Santa came early this year in the shape of a press release by HMRC, "Two New Tax Proposals for 2009" – at least I thought so. Unfortunately, when you read the press release, it is rather less exciting than you might expect. The changes relate to the definition of ordinary share capital for determining the existence of a 75-percent subsidiary for group relief purposes, and to the computation of profits in foreign currency.

It is not unusual for preference shares to be issued without a fixed entitlement to dividend, even though they have no votes or any other rights of participation. This will cause them to be regarded as ordinary shares and this interferes significantly with the determination of who should be entitled to group relief – or, alternatively, provides opportunities for group relief to be claimed in an unexpected manner.

In effect from 1 January 2008, it is proposed that preference shares that would qualify as fixed rate preference shares if it were not for the existence of right to pay a lower dividend (or no dividend) in certain defined circumstances will be treated as fixed rate preference shares for group relief purposes. An election will be available to enable the change to apply to new share issues only.

This change seems to relate only to group relief and the definitions within Schedule 18 Taxes Act 1988 and not to the capital gains tax provisions in Section 171 TCGA 1992, whereby assets transferred between members of a 75-percent group are treated as taking place on a no-gain/no- loss basis.

The second proposed amendment is to allow companies to compute their profits or losses in the currency of the territory where the company operates. Fluctuations in exchange rates mean that the requirement for companies to convert the profits or losses of an accounting period into sterling at the average rate for the period can create difficulty. For example, where a loss arises, it must be carried forward in sterling and offset against future profits. However, foreign currency fluctuations may mean that the measure of foreign profits in the future could be different – and the press release quaintly says that both the taxpayer and the Exchequer are exposed to the exchange risk.

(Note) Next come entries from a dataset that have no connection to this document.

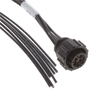 Circular Cable Assemblies - 17-2387101-1-ND - DigiKey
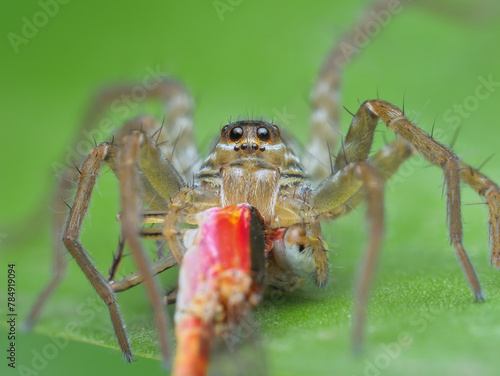 Wolf spider eat red damselfly on the leaf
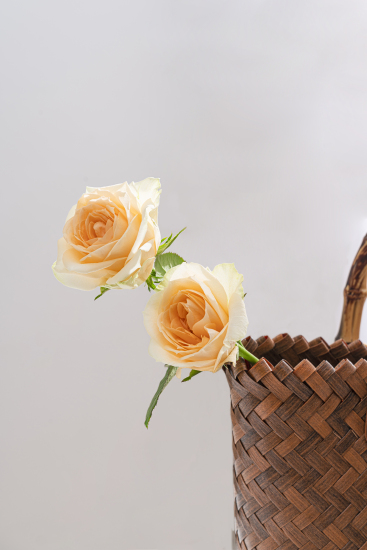 悠扬花语香槟玫瑰实拍图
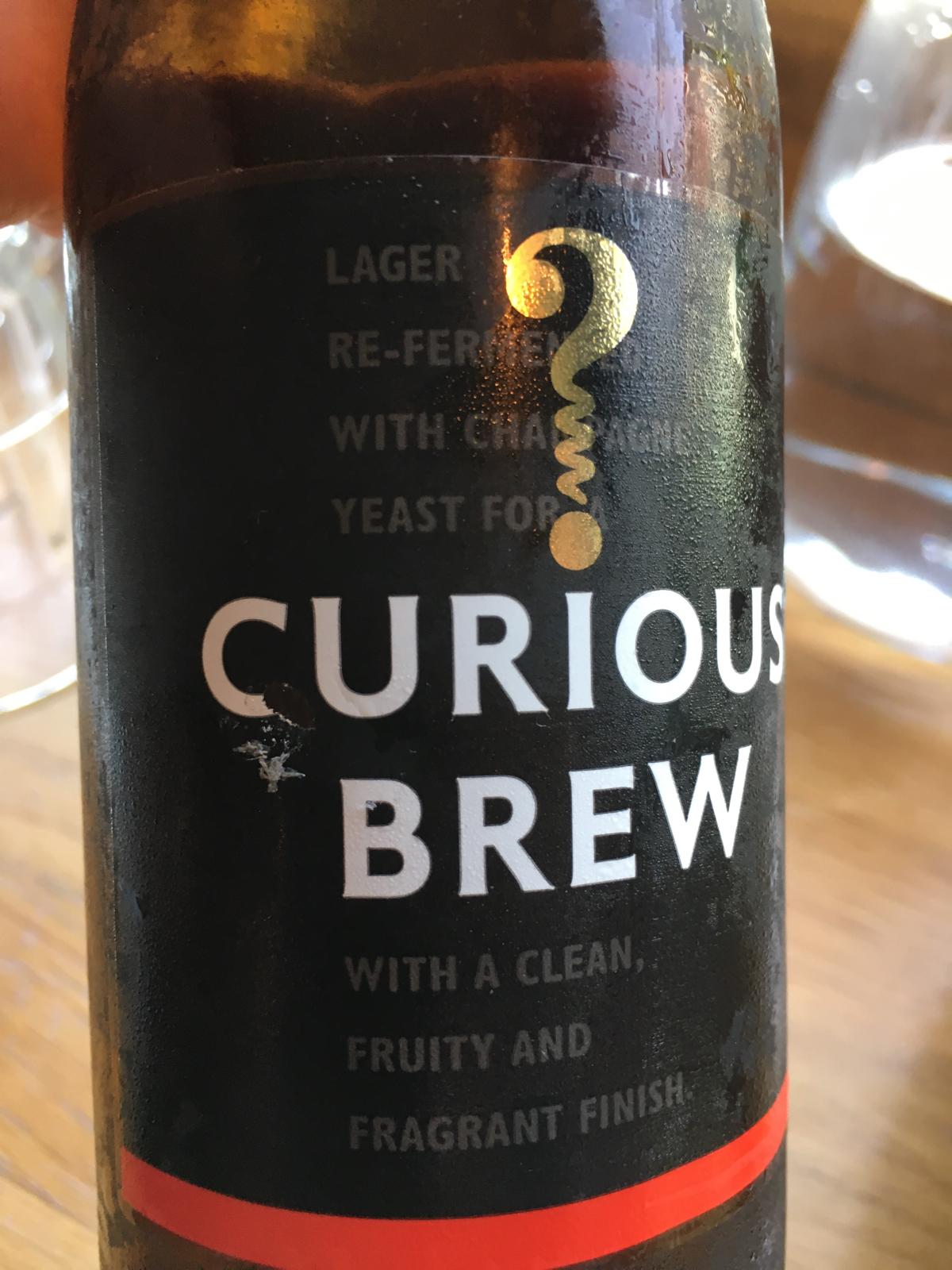 Curious Brew Lager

Accordingly, it is proposed that any unused losses at the start of accounting periods beginning on or after 1 January 2008 be converted into their functional currency at the start of the period and carried forward in that currency.

Corporation Tax: Small Companies Rate

HMRC have released a letter providing guidance on the new rules for associated companies for the purposes of the small companies rate of corporation tax.

These new rules came into force on 1 April 2008 and were designed to narrow the definition of associated companies. This definition had proved to be unacceptably wide, particularly in the context of film partnerships. All the partners in partnership are associates for the purposes of the associated company definition, and any company controlled by any of the partners in a film partnership would, therefore, be an associated company for the purposes of the small companies rate of corporation tax.

This was not only absurd, but imposed an impossible compliance burden on such partners. Accordingly, Section 35 Finance Act 2008 introduced a general exclusion from the associate rules in relation to rights held by other members of the partnership. However, this exclusion does not apply when there are "relevant tax planning arrangements" in existence that involve the taxpayer and any partner securing a reduction in the company's liability to corporation tax by reason of the small companies rate.

HMRC have confirmed that these changes will apply to periods only after 1 April 2008. Furthermore, they explain that as far as prior periods are concerned, enquiries regarding associated companies will be opened only in cases in which the amount of tax at risk is significant and where there is evidence of associated companies.